• Data provided:
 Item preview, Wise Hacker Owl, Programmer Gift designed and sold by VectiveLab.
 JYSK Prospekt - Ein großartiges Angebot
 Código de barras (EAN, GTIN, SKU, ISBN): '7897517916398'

• Your assignment: The complete listing must be reproduced exactly as written.

• Problem solution:
 Item preview, Wise Hacker Owl, Programmer Gift designed and sold by VectiveLab.
 JYSK Prospekt - Ein großartiges Angebot
 Código de barras (EAN, GTIN, SKU, ISBN): '7897517916398'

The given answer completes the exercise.